In the first place, it will be noted that the objection was quite general in form, in no way indicating its ground. This violates the well settled rule that objections must be specific, otherwise the trial court will not be put in error. But if it be conceded that the objection was properly taken, we are not of opinion that reversible error was committed.

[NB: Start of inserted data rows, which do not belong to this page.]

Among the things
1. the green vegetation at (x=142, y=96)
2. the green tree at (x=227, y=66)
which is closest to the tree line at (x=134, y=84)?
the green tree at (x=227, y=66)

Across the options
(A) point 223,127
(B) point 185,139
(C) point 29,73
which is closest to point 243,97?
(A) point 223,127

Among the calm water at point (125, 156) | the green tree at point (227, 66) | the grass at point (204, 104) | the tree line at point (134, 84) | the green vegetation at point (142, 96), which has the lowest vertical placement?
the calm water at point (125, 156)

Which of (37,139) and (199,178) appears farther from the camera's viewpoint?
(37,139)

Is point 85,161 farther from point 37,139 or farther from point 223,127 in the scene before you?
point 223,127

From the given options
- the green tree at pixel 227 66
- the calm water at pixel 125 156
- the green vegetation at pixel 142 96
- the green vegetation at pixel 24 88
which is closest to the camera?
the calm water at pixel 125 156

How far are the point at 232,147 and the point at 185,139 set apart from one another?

In his work on evidence, Mr. Wharton lays down the rule that one who is not an expert may, after describing a wound, express his opinion that it caused death. Wharton's Criminal Evidence (11th Ed), p. 1764. The subject is discussed in a case note in L.R.A. 1915A, pp. 1076-1077. While this Court does not appear to have dealt with this exact question in any reported case, we have held that there need be no direct expert testimony as to the cause of death, but that the death may be presumed to have been caused by apparent wounds, particularly when there is no suggestion in the record that the deceased died from any other cause than that relied on by the State. See Lemons v. State, 97 Tenn. 560, 37 S.W. 552; Mayfield v. State, 101 Tenn. 673, 49 S.W. 742.

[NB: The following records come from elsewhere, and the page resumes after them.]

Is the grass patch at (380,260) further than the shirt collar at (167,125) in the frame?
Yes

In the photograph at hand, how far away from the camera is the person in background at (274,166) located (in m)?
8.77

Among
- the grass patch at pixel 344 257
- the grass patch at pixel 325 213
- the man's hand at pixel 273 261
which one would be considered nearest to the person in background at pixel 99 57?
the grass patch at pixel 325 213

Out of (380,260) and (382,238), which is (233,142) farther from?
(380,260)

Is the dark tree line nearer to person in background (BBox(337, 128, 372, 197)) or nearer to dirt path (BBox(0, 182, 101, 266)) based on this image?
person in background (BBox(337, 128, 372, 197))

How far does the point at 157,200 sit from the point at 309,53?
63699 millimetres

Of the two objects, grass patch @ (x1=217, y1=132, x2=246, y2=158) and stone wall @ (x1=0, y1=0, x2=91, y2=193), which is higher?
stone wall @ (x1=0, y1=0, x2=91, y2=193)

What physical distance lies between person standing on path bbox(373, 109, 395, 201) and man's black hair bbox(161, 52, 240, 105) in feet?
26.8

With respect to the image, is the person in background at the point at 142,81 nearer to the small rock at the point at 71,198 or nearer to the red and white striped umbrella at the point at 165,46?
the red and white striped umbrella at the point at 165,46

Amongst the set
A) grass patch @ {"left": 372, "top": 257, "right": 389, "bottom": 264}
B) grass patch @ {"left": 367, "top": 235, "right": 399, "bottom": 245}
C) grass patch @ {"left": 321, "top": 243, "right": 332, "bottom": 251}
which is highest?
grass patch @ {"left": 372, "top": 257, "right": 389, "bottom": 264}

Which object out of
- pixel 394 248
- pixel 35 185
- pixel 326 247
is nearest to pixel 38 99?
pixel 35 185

Turning to other jurisdictions, it is held that a nonexpert may express an opinion as to whether certain wounds caused death, provided the witness describes the wounds and gives his reason for his conclusion, which we think the record in this case sufficiently shows was done. See Everett v. State, 62 Ga. 65; Edwards v. State, 39 Fla. 753, 23 So. 537; Revels v. State, 64 Fla. 432, 59 So. 951. To the same general effect are Lanier v. State, 141 Ga. 17, 80 S.E. 5, and Wise v. State, 100 Ga. 68, 25 S.E. 846, holding that a non-expert who has seen the marks or wounds on the deceased may express an opinion that his death had been caused thereby. However, when it is apparent that expert knowledge is necessary to an intelligent opinion, experts only may testify, — for example, when the injury is internal.
In some of the cases the view is expressed that non-expert testimony is particularly permissible when the record indicates that there was no available expert testimony, this upon the theory that non-expert opinion is the best available evidence. The facts in the instant case bring it within that requirement, as the record indicates that the deceased died on the spot and his body lay there until it was removed by the undertaker, and it does not appear that any doctor was called, or that any medical attention was given. For the reasons indicated this assignment, also, is overruled, and the judgment affirmed.